Task item
Exclude the pictures. Transcribe exactly, and only, the lines from the one holding "Zestaw Półek Ściennych" to the end of the material below.

Input material

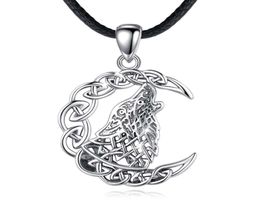 Merryshine 925 Sterling Sier Männer Celtic Viking Juwely Mond Wolf Halskette Anhänger4106335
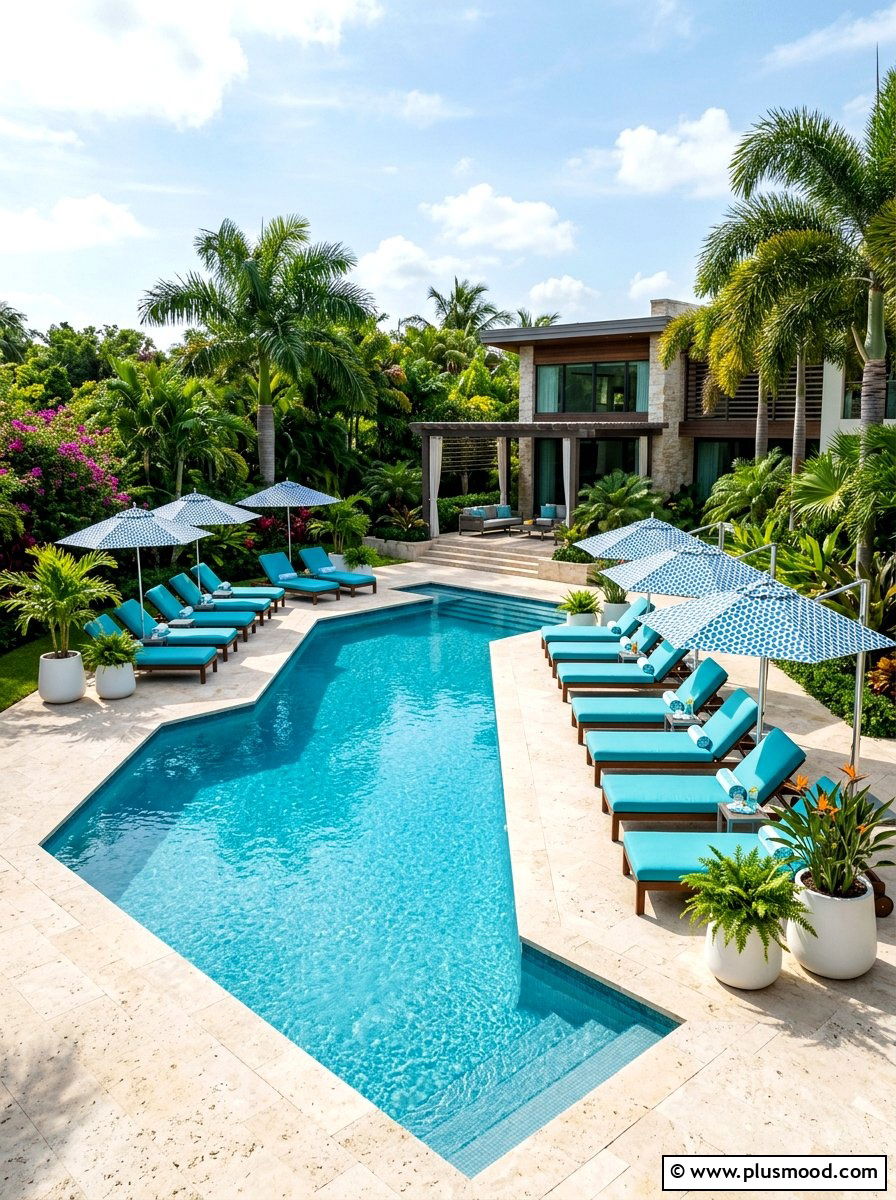 Geometric Pool Area - 25 summer colorful decor ideas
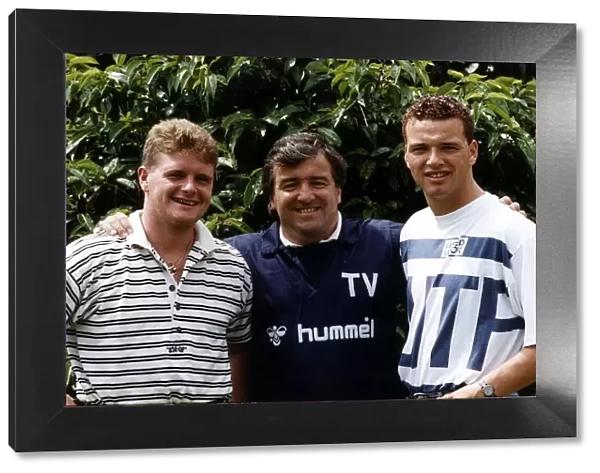 Terry Venables with Tottenham Hotspurs new summer signings Paul Gascoigne
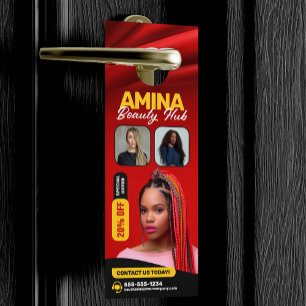 Red Hair & Beauty Salon Braider Hairstylist Wigs Door Hanger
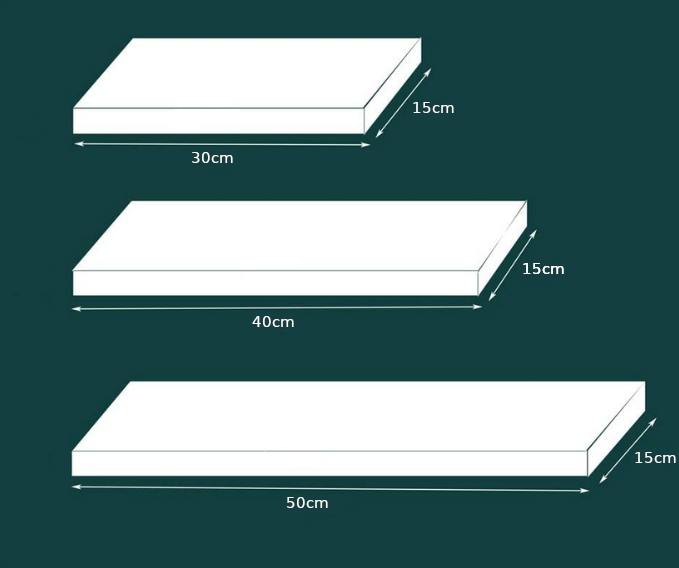 Zestaw Półek Ściennych Wiszących ARLES 30 40 50cm
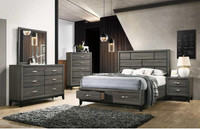 6 pcs grey bedroom in queen size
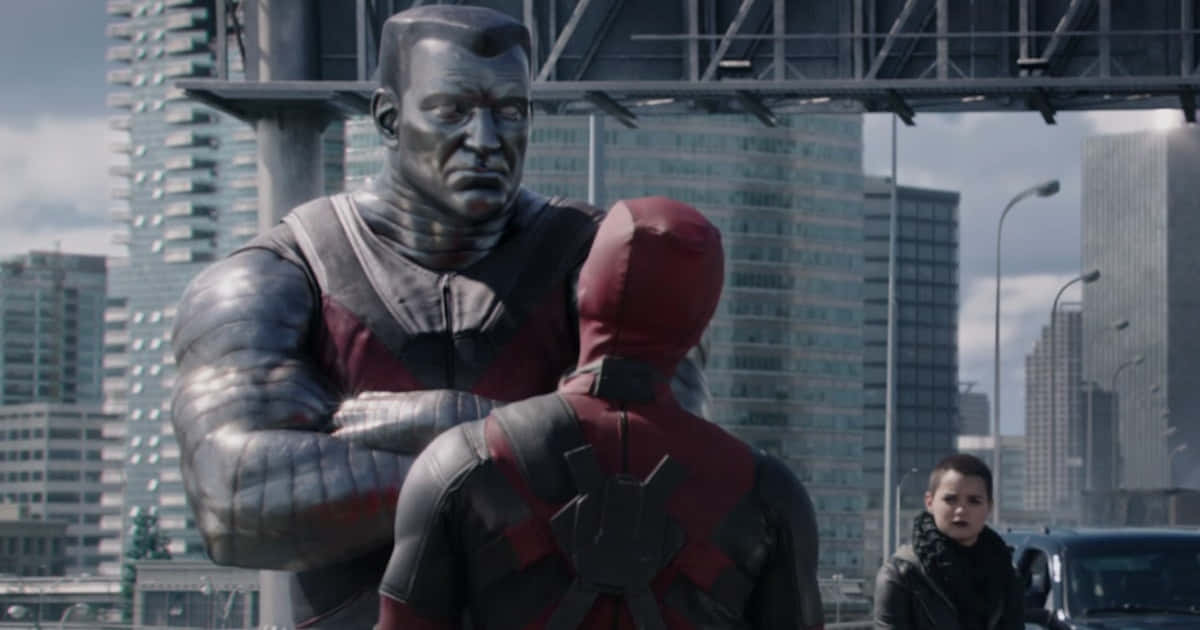 Deadpool, Colossus, cityscape, SD Desktop Wallpaper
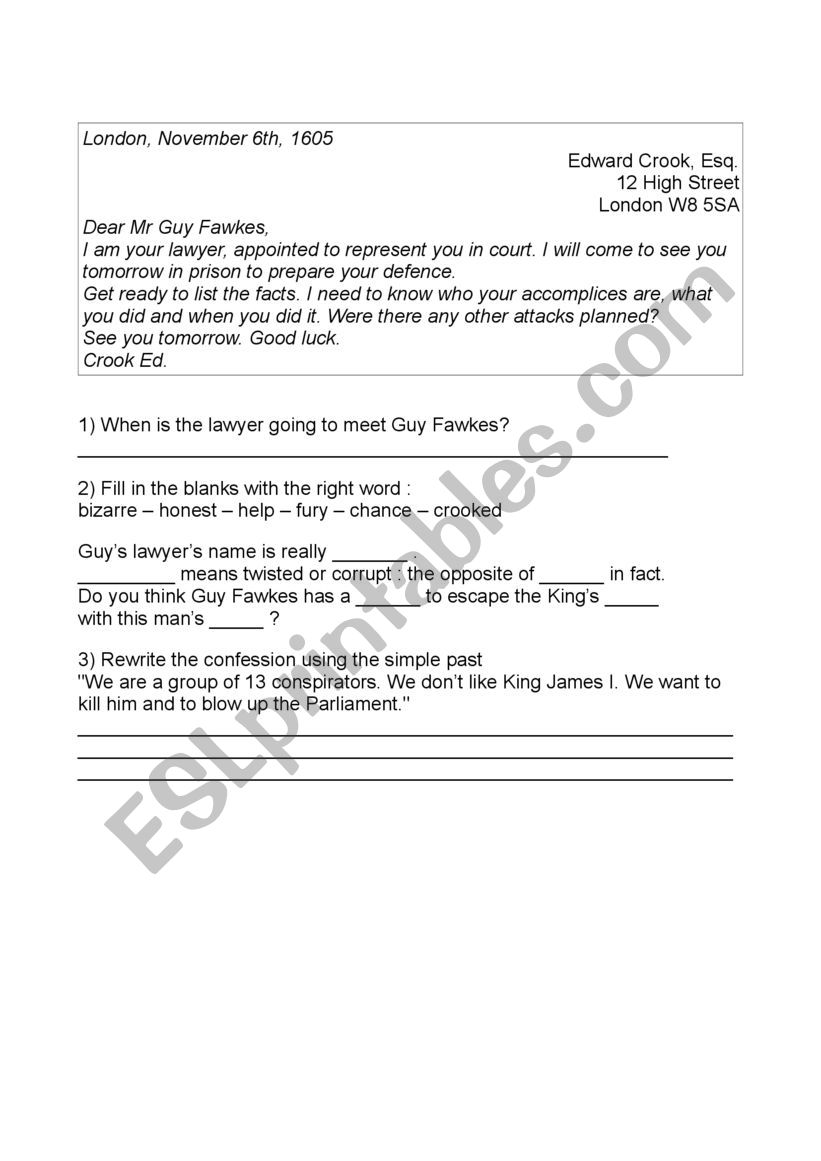 Guy Fawkes worksheet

Answer for this exercise
 Zestaw Półek Ściennych Wiszących ARLES 30 40 50cm
 6 pcs grey bedroom in queen size
 Deadpool, Colossus, cityscape, SD Desktop Wallpaper
 Guy Fawkes worksheet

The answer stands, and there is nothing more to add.